Please copy, exactly and with no pictures, only the lines from the one containing "Butterfly Faceted Bicone" through the last line of the records.
● ● ● ●
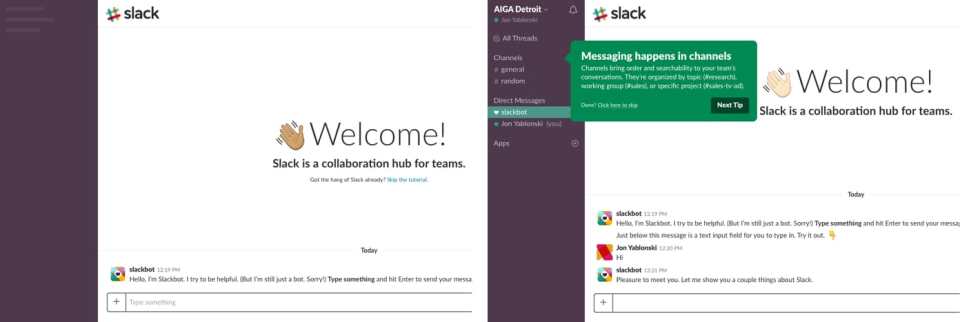 Screenshots of Slack's onboarding experience where users learn the system by chatting with Slackbot before being introduced to the rest of the UI.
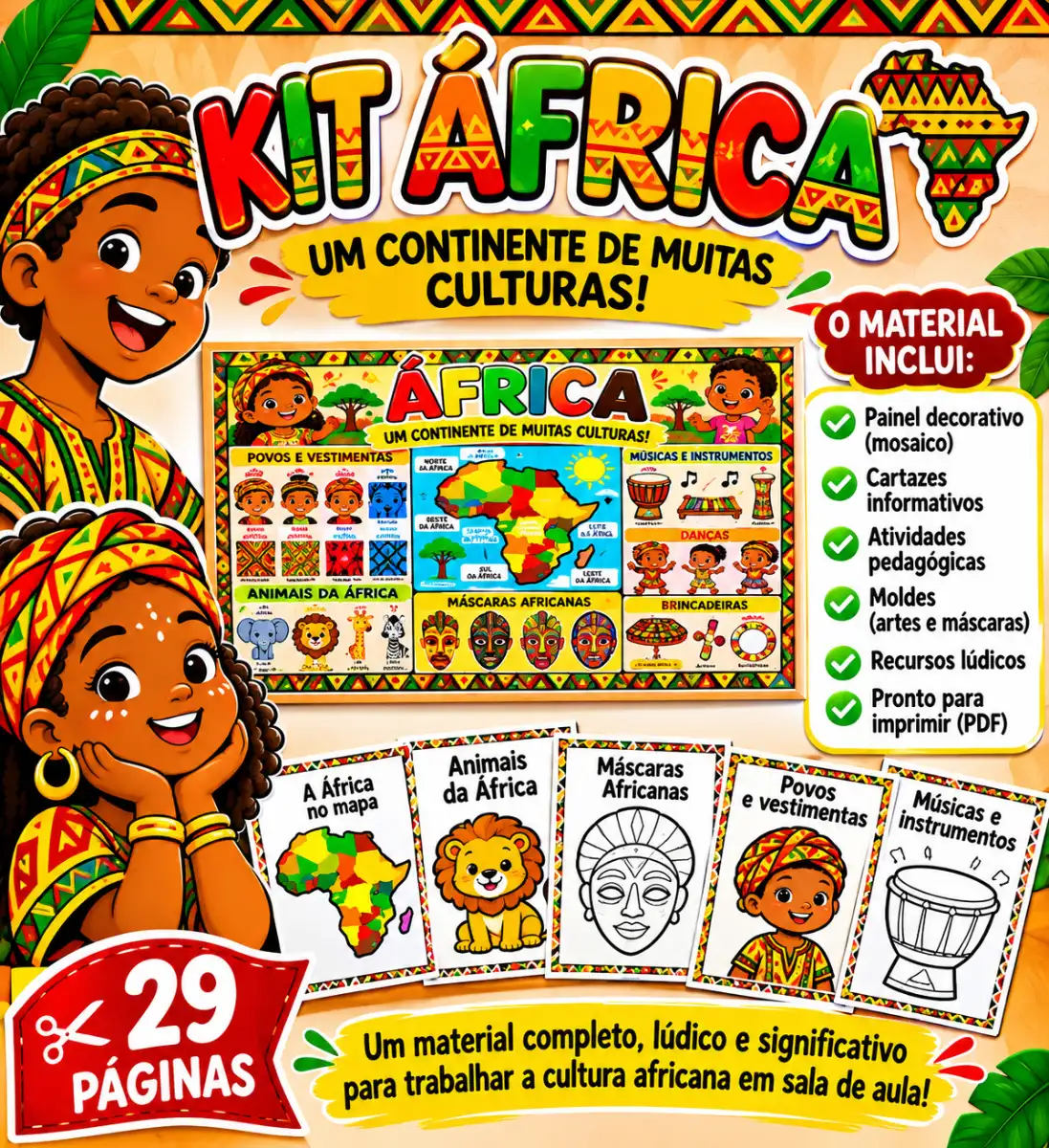 Consciência negra África um continente com muitas culturas — Outros para Ensino Fundamental I (1º–5º): kit educativo da…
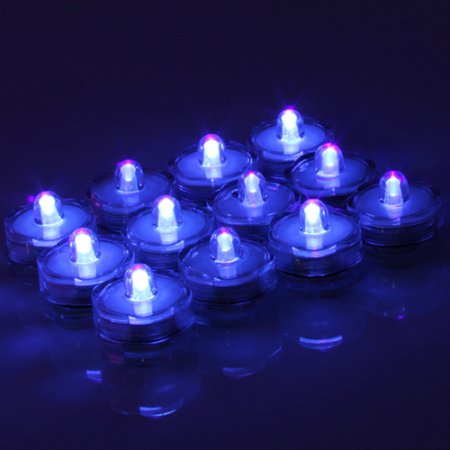 12x LED Submersible Waterproof Wedding Decoration Battery Light Candles White/Warm White/RGB/Blue Purple/Pink Purple
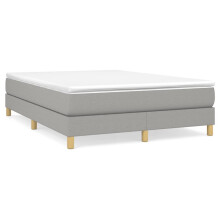 (light grey, 25 cm/ 4ft6 double) vidaXL Box Spring Bed Frame Mattress Foundation Upholstered Bed Base Fabric
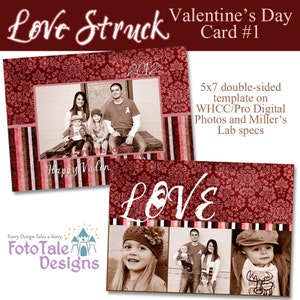Love Struck Valentine Card No.1- plantillas de fotos personalizadas para fotógrafos en WHCC, ProDigitalPhotos y Miller's Lab Specs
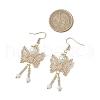 Butterfly Faceted Bicone Glass Beads Snowflake Dangle Earrings EJEW-MZ00429-01-3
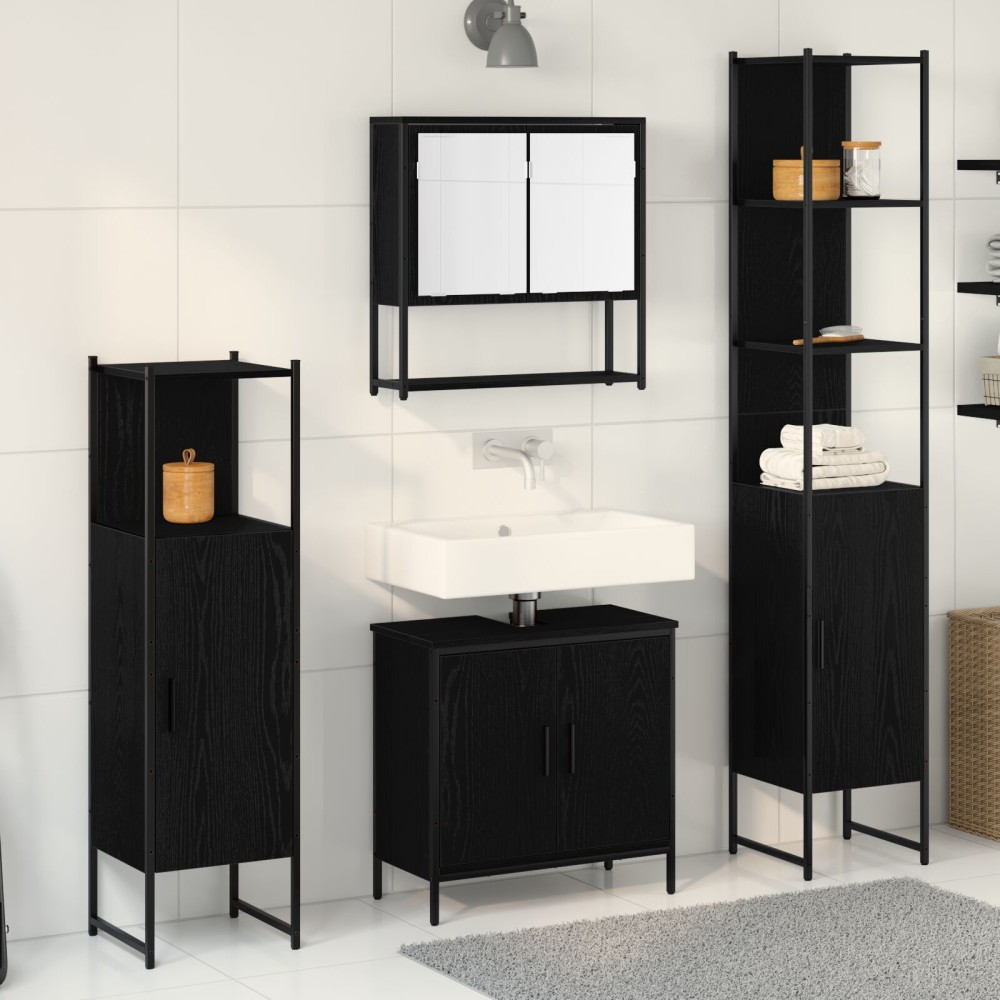 vidaXL Set de mobilier pentru baie 4 pcs Negru 33 x 33 x 185.5 cm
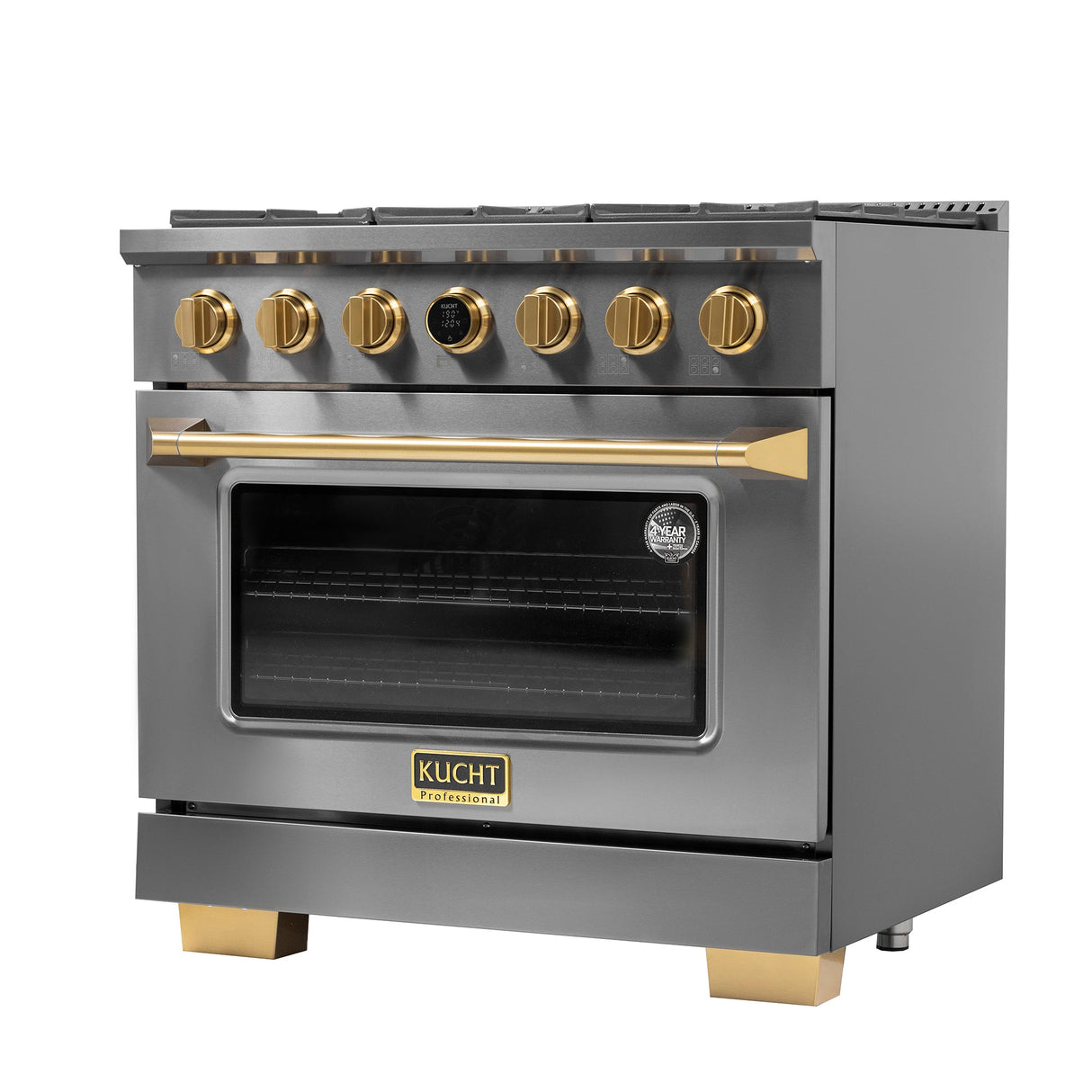 36 in. 5.2 cu. ft. 6 Burners Dual Fuel Range for Propane Gas in Stainless Steel with Kucht Horus Thermostat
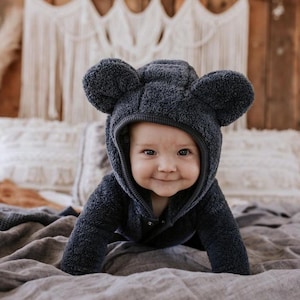 Baby Jumpsuit with Ears in Graphite Color made of Fuzzy Fabric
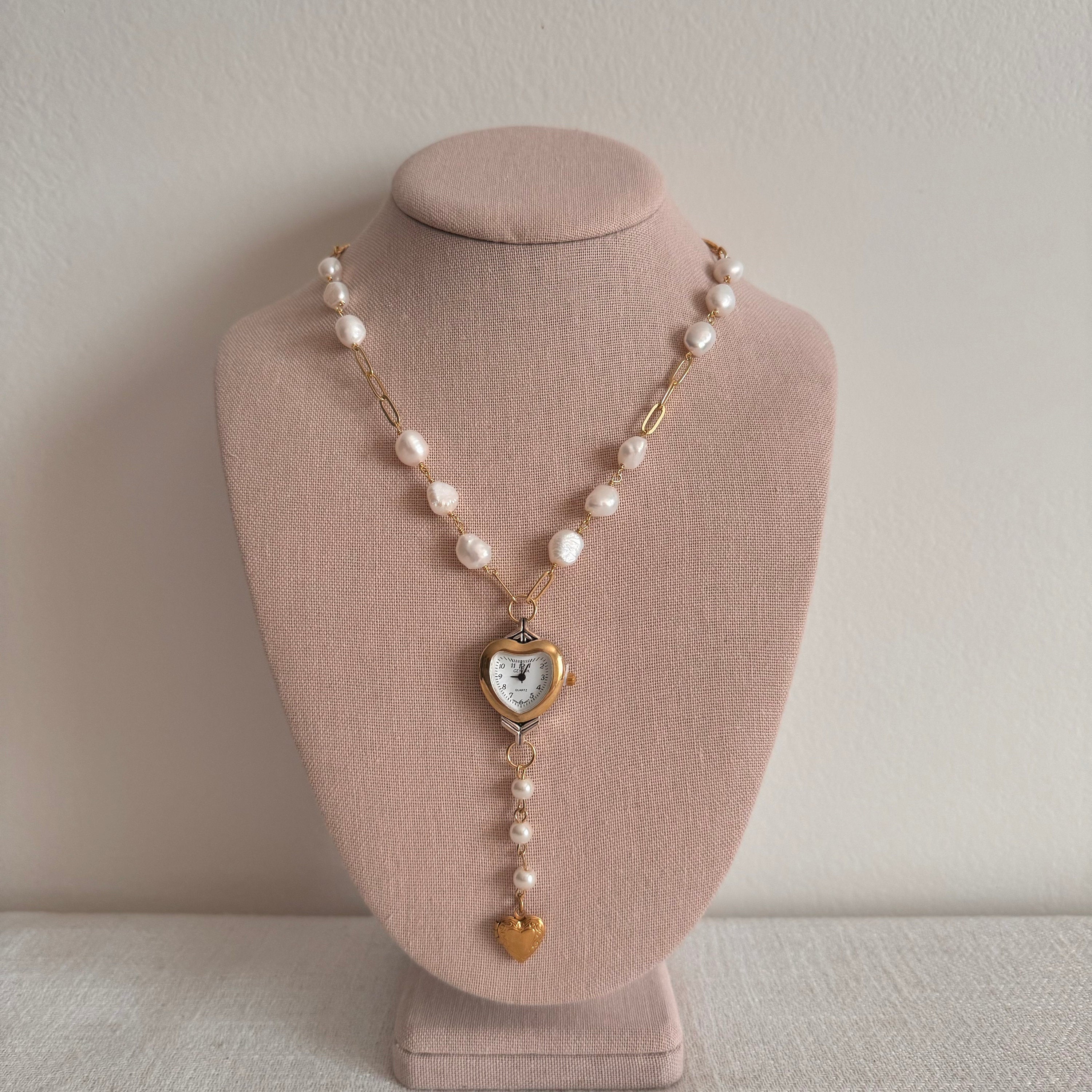 Freshwater Pearl Heart Watch Necklace with Heart Charm Locket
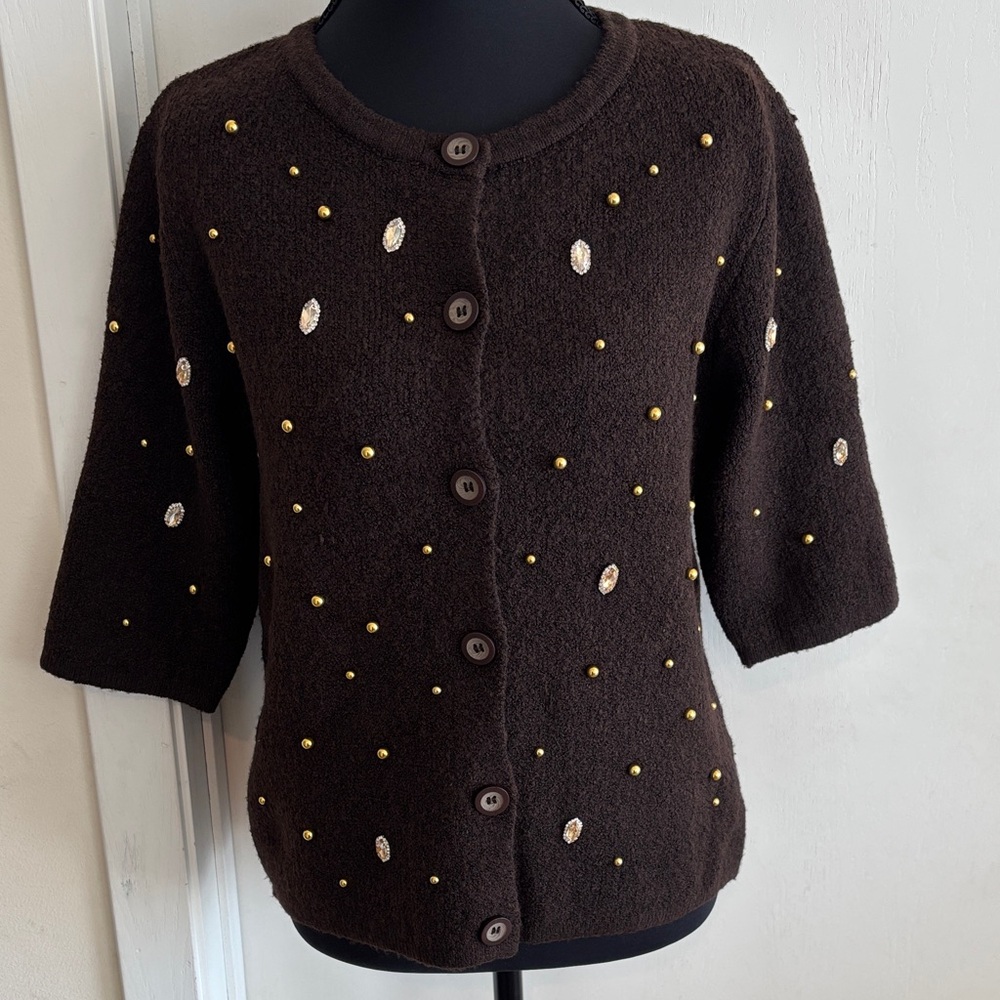 Elegant Brown Sweater with Gold Accents
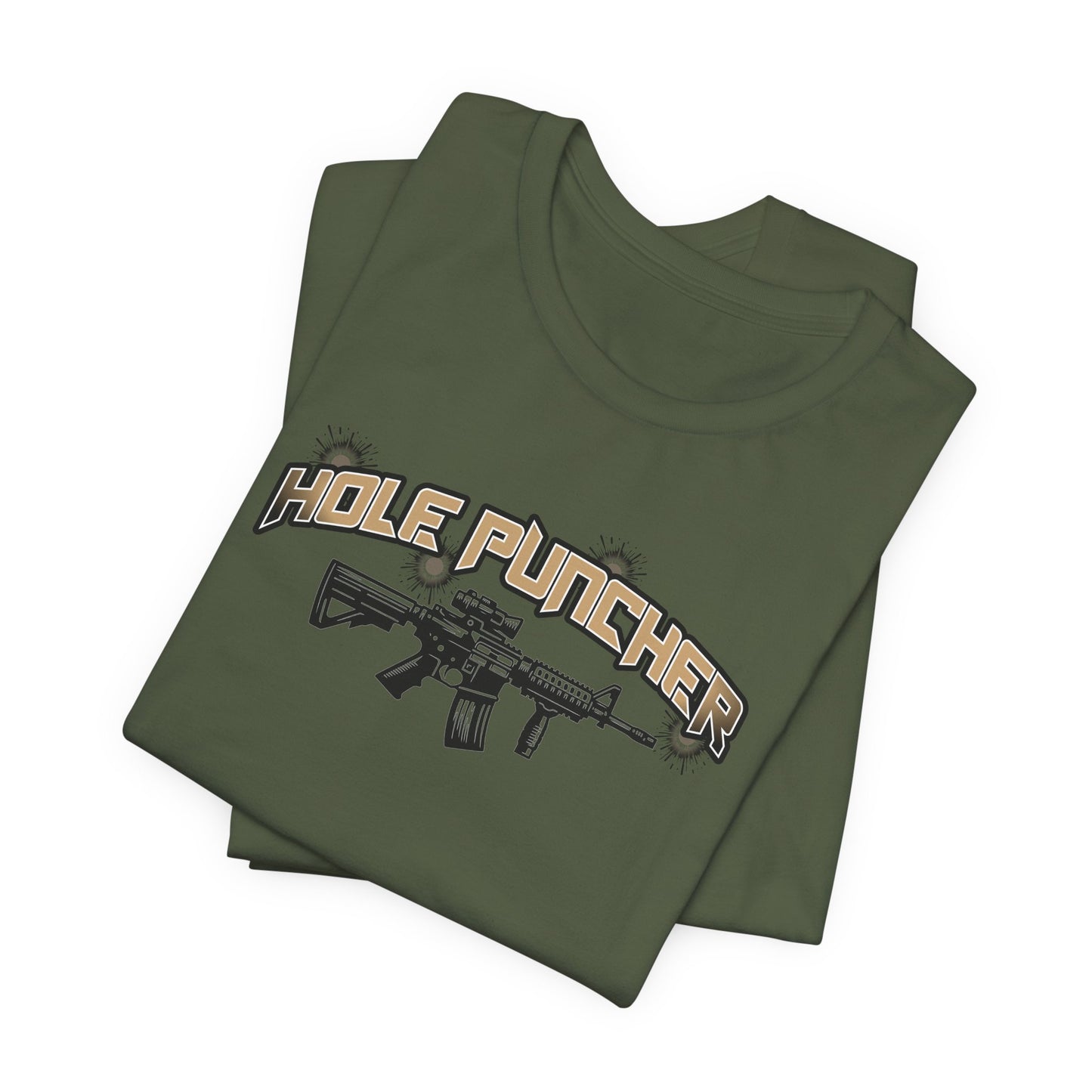 Hole Puncher Gun Shirt - Unisex Tee, Short Sleeve T-Shirt, Bullet hole design, firearm enthusiast gift, firearm lover top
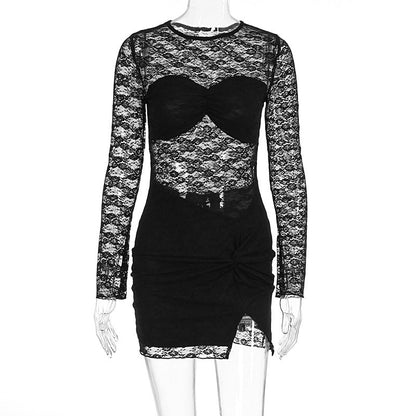 Women Clothing Summer Sexy See through Lace Sheath Long Sleeve Dress by Ragazza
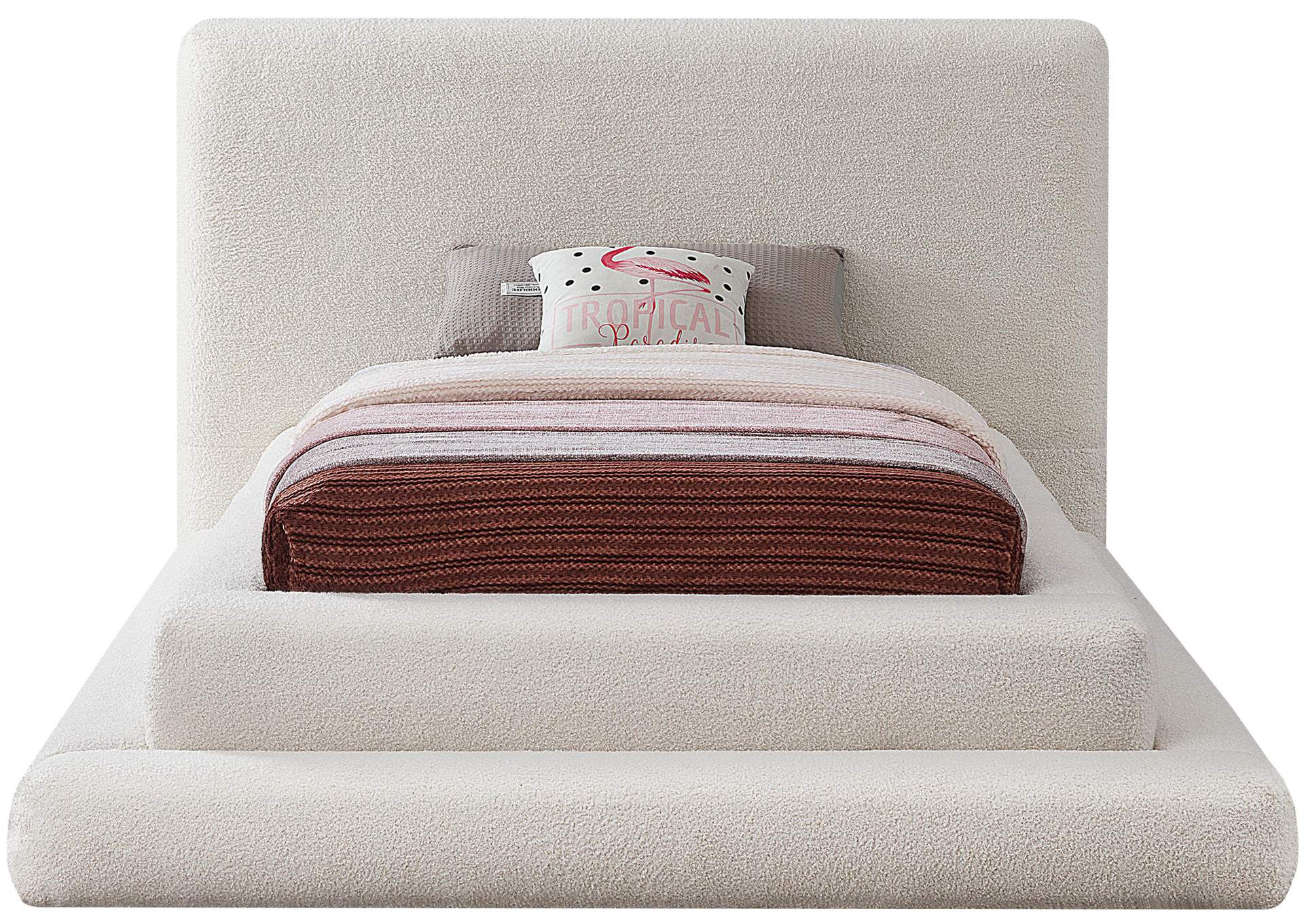 Dane Cream Teddy Fabric Twin Bed (3 Boxes),Meridian Furniture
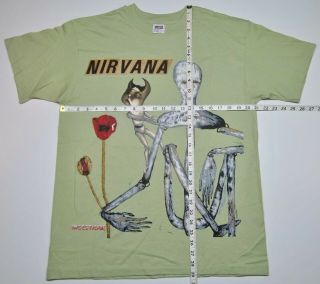 Vintage NOS Nirvana Incesticide 1993 90s Kurt Cobain Large Green T - Shirt 9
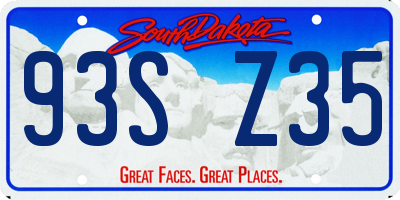 SD license plate 93SZ35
● ● ● ●
- ANSWER BELOW -
 Butterfly Faceted Bicone Glass Beads Snowflake Dangle Earrings EJEW-MZ00429-01-3
 vidaXL Set de mobilier pentru baie 4 pcs Negru 33 x 33 x 185.5 cm
 36 in. 5.2 cu. ft. 6 Burners Dual Fuel Range for Propane Gas in Stainless Steel with Kucht Horus Thermostat
 Baby Jumpsuit with Ears in Graphite Color made of Fuzzy Fabric
 Freshwater Pearl Heart Watch Necklace with Heart Charm Locket
 Elegant Brown Sweater with Gold Accents
 Hole Puncher Gun Shirt - Unisex Tee, Short Sleeve T-Shirt, Bullet hole design, firearm enthusiast gift, firearm lover top
 Women Clothing Summer Sexy See through Lace Sheath Long Sleeve Dress by Ragazza
 Dane Cream Teddy Fabric Twin Bed (3 Boxes),Meridian Furniture
 Vintage NOS Nirvana Incesticide 1993 90s Kurt Cobain Large Green T - Shirt 9
 SD license plate 93SZ35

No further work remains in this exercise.